HYAL1 is responsible for the hydrolysis of intracellular hyaluronan of all sizes into fragments as small as tetrasaccharides.

In the optimal pH state of 4.0, Asp129 and Glu131 share a proton.  Intermolecular resonance in the amide bond in the N-acetylglucosamine unit of the bound hyaluronan polymer leads to a transition state with a positive charge on the nitrogen and an oxyanion nucleophile, which is stabilized by hydrogen bond interactions with Tyr247, that can perform an intramolecular attack on the electrophilic carbon.  This attack forms a 5-membered ring that is stabilized by the negative charge of Asp129 that forms as the leaving hydroxyl group of the glucuronic acid unit takes the proton from Glu131.  The now negatively charged Glu131 is primed to activate a water molecule for the hydrolysis of the intermolecular ring intermediate to restore N-acetylglucosamine.

Tyr202 and Asn350, while not directly involved in the β1→4 linkage cleavage, were identified to be important to HYAL1 function.  HYAL1 uses Tyr202 as a substrate binding determinant and also requires proper glycosylation of Asn350 for full enzymatic function.

The optimal pH range for HYAL1 function is 4.0 to 4.3, though HYAL1 is still 50-80% active at pH 4.5.

== Disease Relevance ==
HYAL1 is implicated in several types of cancers, likely due to the angiogenic effects of HYAL1-cleaved hyaluronan fragments.
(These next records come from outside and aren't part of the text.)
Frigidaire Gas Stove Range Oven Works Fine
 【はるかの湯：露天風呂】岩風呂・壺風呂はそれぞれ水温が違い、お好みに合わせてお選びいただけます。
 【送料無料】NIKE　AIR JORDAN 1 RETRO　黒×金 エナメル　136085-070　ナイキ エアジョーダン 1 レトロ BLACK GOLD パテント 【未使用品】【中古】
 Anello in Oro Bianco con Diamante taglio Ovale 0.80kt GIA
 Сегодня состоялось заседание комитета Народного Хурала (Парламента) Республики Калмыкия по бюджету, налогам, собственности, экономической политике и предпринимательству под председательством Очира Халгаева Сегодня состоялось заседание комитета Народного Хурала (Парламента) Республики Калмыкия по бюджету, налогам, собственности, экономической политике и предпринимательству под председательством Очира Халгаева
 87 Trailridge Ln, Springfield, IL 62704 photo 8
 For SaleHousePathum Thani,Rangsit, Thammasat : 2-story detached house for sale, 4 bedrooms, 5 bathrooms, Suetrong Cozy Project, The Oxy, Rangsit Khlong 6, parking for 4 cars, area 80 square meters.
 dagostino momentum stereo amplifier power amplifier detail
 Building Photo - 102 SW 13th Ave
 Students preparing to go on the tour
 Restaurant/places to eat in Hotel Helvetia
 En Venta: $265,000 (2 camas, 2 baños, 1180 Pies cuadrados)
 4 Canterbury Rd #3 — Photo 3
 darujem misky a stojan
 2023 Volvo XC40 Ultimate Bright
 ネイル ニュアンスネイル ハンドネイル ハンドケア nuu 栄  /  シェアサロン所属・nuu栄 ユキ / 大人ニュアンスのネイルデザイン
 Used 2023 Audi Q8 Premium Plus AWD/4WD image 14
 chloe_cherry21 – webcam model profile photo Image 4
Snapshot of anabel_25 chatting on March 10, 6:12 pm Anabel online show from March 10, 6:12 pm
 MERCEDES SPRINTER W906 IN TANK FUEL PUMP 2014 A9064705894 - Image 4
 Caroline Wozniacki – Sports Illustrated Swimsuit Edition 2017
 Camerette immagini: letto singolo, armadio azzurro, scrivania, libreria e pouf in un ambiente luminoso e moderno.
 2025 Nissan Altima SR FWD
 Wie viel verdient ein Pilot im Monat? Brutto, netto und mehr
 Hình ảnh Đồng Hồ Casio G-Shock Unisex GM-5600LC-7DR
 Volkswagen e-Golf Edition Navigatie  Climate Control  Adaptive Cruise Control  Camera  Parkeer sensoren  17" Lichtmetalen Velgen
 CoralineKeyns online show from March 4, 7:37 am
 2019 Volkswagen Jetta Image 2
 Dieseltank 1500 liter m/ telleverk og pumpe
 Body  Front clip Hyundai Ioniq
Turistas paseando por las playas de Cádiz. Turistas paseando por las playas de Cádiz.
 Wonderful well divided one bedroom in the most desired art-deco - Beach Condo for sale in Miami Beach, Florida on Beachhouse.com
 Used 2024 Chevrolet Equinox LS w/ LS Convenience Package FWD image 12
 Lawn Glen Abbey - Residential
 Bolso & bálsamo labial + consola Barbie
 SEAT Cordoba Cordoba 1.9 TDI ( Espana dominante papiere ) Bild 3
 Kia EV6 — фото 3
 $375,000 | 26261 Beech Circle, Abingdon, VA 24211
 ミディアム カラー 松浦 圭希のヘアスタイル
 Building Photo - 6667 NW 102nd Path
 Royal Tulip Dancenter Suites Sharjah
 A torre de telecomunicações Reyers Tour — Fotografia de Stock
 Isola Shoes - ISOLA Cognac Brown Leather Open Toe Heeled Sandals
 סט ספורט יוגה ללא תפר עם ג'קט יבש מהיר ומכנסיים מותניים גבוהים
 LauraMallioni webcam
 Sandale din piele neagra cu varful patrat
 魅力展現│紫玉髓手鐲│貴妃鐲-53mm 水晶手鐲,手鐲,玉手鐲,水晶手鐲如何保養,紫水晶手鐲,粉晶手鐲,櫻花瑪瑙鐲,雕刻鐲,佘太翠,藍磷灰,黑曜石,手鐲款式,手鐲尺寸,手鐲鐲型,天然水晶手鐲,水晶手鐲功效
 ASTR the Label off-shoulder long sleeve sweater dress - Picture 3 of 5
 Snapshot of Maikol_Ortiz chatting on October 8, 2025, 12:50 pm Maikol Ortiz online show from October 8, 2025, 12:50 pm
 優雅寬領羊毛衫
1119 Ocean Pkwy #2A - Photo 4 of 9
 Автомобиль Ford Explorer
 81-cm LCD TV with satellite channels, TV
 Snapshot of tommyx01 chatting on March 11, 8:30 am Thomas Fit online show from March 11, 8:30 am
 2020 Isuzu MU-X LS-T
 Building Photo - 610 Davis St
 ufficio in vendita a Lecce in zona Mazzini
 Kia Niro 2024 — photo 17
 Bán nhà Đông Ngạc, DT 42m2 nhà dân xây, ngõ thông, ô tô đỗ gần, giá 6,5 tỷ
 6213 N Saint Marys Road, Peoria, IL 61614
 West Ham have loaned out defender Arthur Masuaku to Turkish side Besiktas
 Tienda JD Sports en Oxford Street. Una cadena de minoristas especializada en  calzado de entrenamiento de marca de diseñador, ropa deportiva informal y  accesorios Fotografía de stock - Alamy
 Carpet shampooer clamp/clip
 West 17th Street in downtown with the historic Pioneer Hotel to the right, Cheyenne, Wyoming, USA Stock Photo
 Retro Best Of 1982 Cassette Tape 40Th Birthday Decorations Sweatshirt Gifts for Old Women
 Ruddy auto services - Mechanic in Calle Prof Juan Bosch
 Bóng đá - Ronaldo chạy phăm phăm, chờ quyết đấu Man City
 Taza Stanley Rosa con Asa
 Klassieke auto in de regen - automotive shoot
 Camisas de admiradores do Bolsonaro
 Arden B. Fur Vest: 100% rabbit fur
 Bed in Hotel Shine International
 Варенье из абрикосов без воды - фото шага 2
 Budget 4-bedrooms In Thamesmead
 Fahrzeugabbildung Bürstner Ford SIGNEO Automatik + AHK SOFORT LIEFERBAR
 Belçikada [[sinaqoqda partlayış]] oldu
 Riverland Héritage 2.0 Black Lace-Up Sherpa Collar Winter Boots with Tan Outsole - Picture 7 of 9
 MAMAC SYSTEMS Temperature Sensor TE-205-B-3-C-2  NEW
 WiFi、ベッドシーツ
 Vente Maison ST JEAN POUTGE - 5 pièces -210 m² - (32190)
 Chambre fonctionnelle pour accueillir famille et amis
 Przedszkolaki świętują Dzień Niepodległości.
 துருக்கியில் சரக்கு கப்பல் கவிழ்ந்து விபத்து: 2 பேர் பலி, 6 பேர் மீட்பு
In bladder, prostate, and head and neck carcinomas, elevated hyaluronan and HYAL1 levels are found in tumor cells, tissues, and related body fluids (e.g. urine for bladder cancer and saliva for head and neck cancer).  Urinary hyaluronan and hyaluronidase levels, measured by the HA-HAase test, have ~88% accuracy in detecting bladder cancer, regardless of the tumor grade and stage.

In breast cancer, HYAL1 is also overexpressed in cell lines MDA-MB-231 and MCF-7 and invasive duct cancer tissues and metastatic lymph nodes.  Higher HYAL1 expression has also been detected in primary tumor tissue from patients with subsequent brain metastases versus those without.